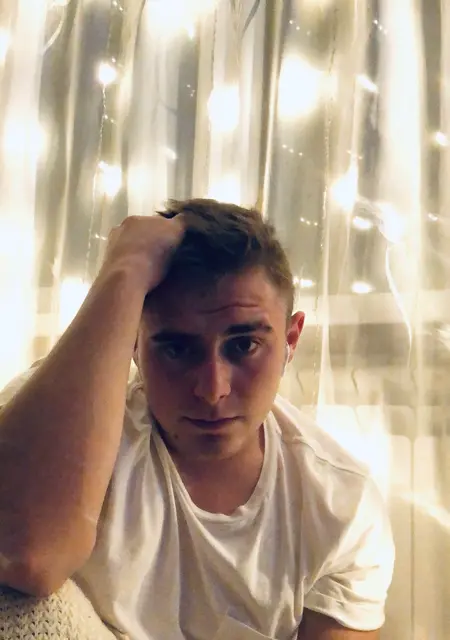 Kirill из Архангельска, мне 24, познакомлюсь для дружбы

━━━━━━━━━━

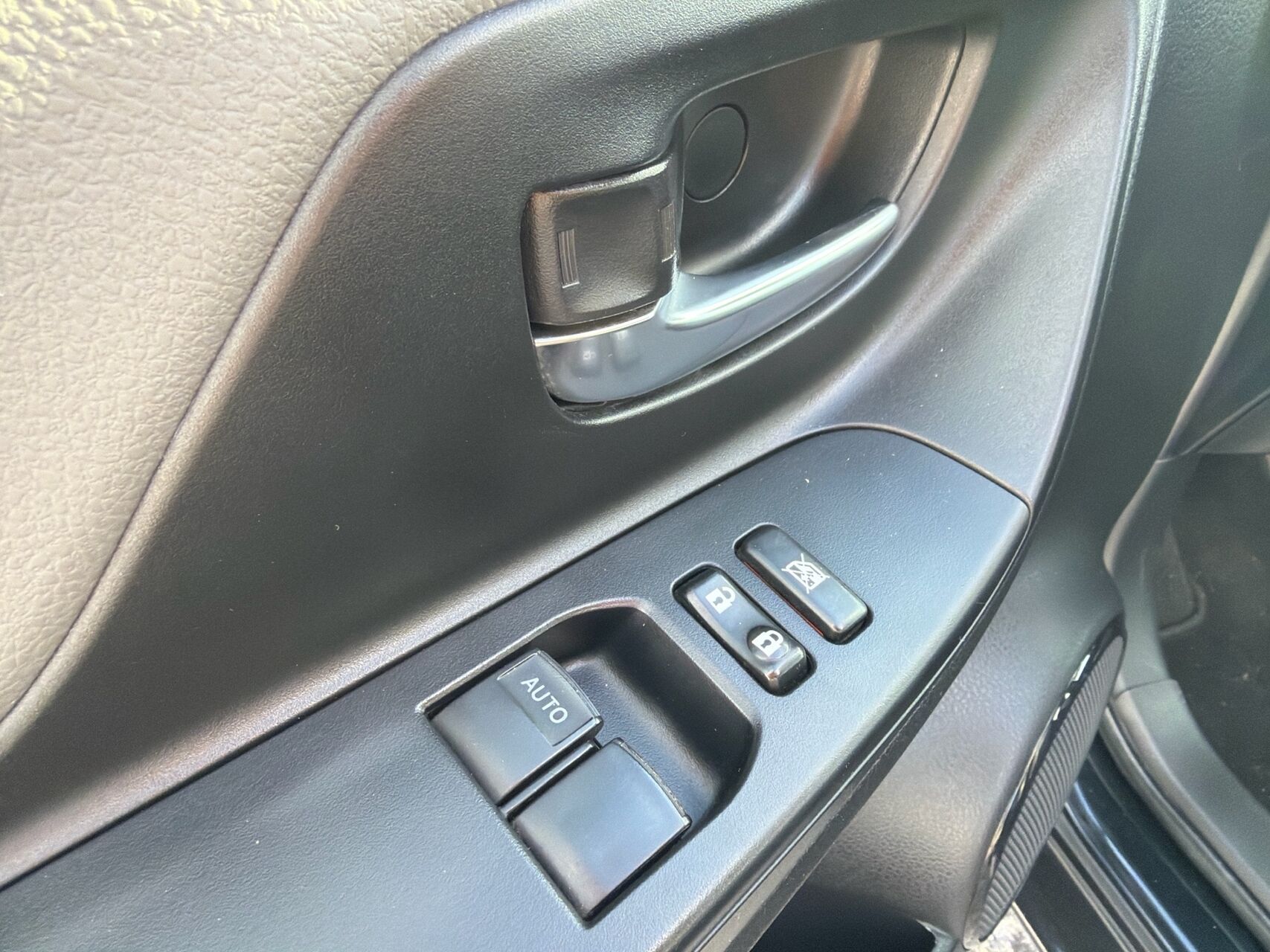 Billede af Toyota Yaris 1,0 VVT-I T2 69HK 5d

━━━━━━━━━━

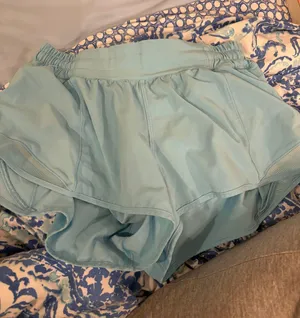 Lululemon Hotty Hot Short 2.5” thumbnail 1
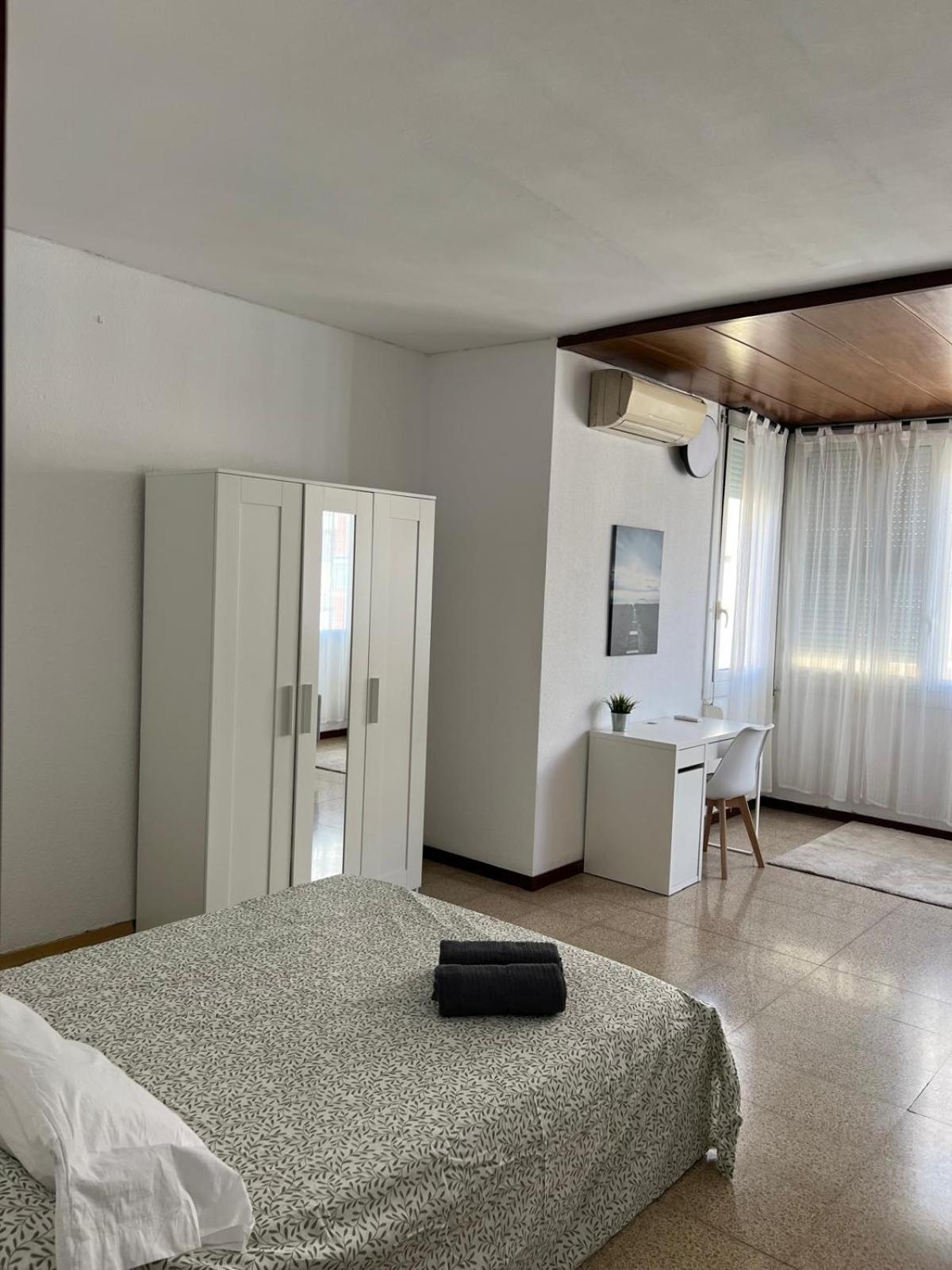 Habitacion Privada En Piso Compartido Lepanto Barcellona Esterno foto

━━━━━━━━━━

Work to be completed: Return exactly the stretch above whose first line contains "Lululemon Hotty Hot" and whose last line contains "Habitacion Privada En", and nothing outside it. The pictures should not appear.

Answer space:
 Lululemon Hotty Hot Short 2.5” thumbnail 1
 Habitacion Privada En Piso Compartido Lepanto Barcellona Esterno foto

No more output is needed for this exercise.